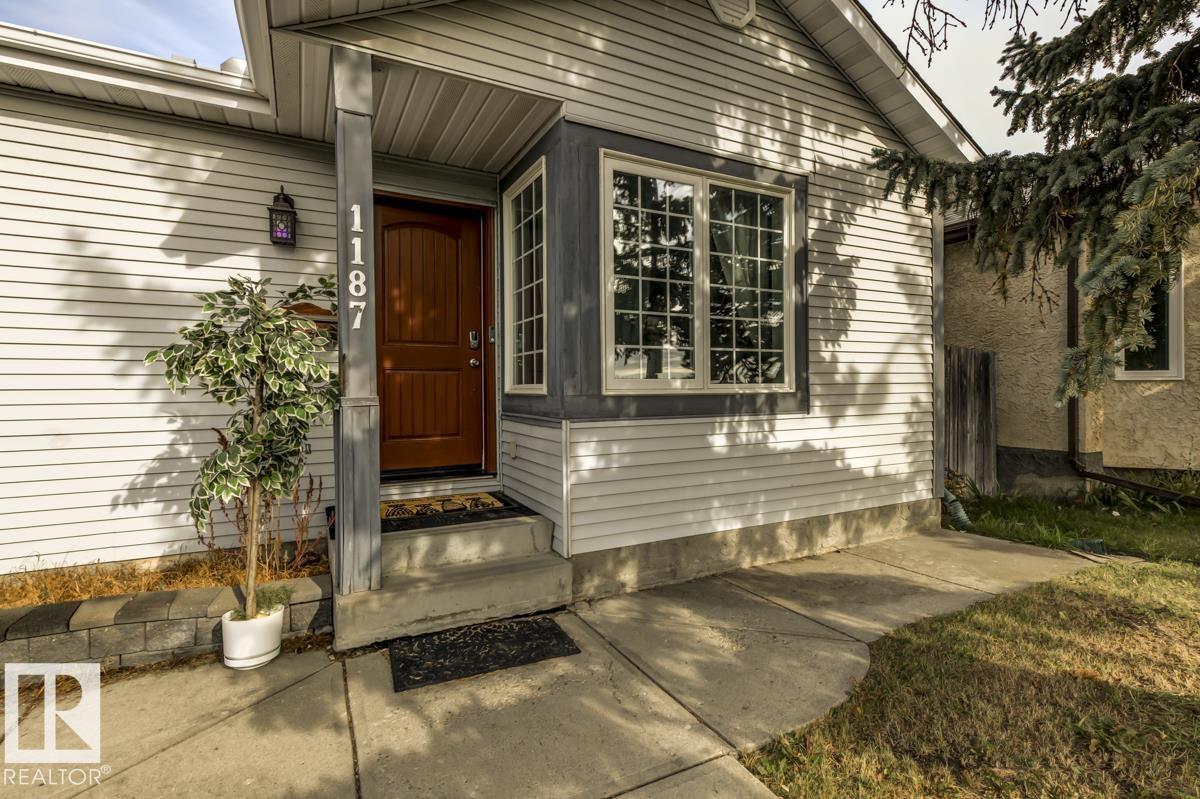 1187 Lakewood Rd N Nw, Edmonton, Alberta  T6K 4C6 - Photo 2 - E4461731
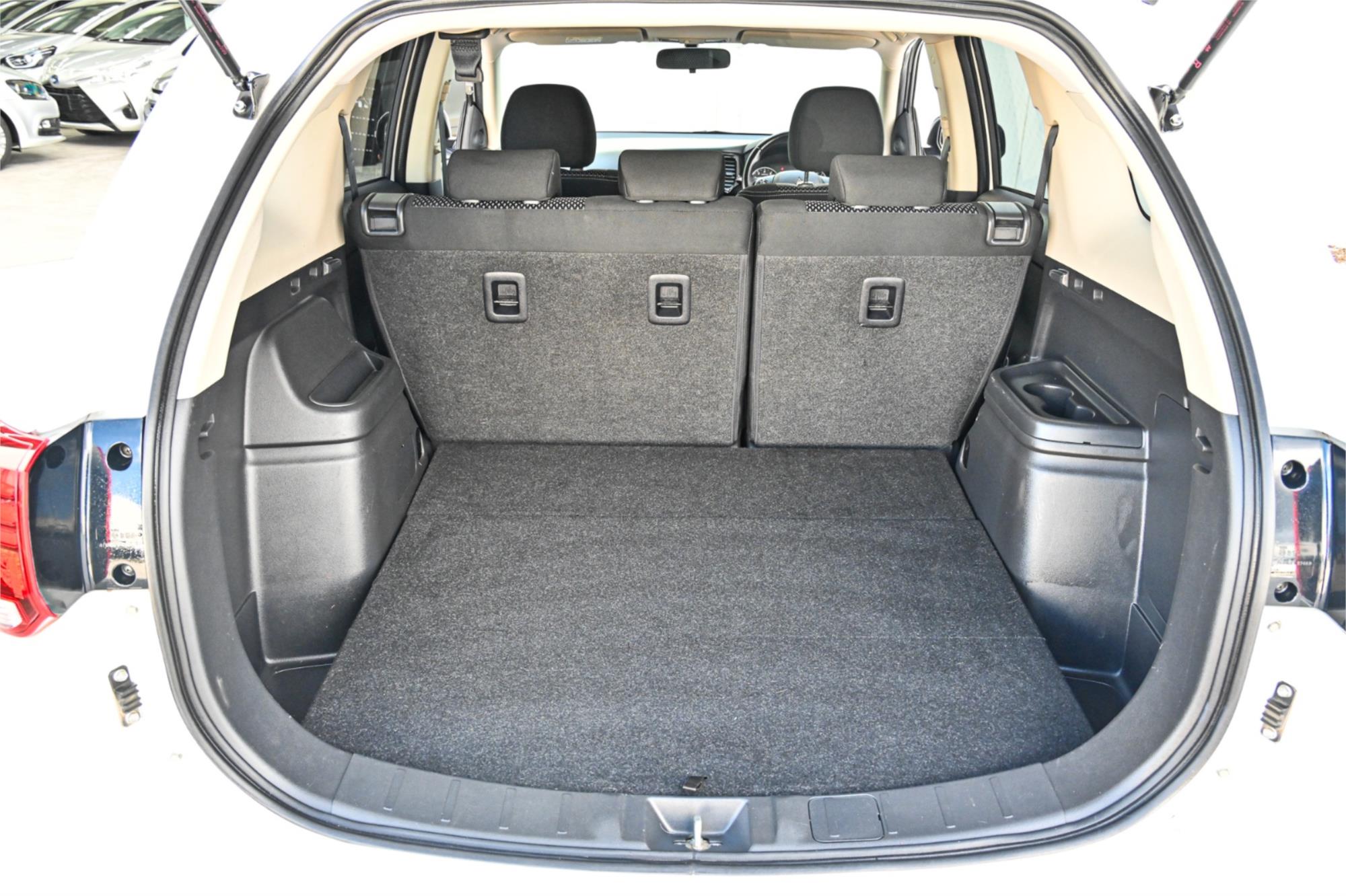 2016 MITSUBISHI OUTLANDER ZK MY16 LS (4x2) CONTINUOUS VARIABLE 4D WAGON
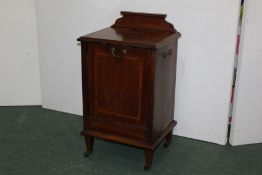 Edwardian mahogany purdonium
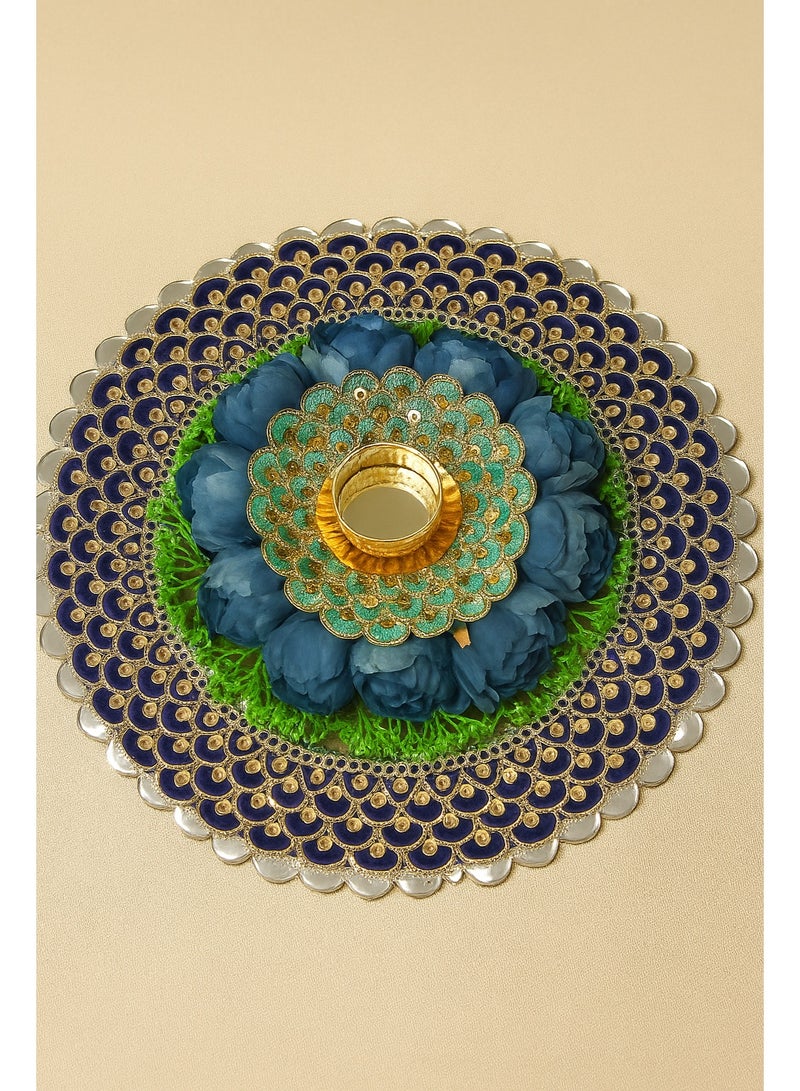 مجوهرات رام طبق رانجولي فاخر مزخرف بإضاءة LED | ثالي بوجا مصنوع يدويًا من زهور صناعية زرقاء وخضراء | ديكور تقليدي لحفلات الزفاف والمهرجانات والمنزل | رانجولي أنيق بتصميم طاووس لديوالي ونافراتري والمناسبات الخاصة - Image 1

^^^^^^^^^^^^^^^^

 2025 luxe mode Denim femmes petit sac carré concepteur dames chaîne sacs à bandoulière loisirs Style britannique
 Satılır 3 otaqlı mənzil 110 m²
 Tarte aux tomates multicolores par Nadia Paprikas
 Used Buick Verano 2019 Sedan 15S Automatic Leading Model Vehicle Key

^^^^^^^^^^^^^^^^

From the records above, give again exactly the lines running from the line with "Satılır 3 otaqlı mənzil 110 m²" to the line with "Used Buick Verano", inclusive.

 Satılır 3 otaqlı mənzil 110 m²
 Tarte aux tomates multicolores par Nadia Paprikas
 Used Buick Verano 2019 Sedan 15S Automatic Leading Model Vehicle Key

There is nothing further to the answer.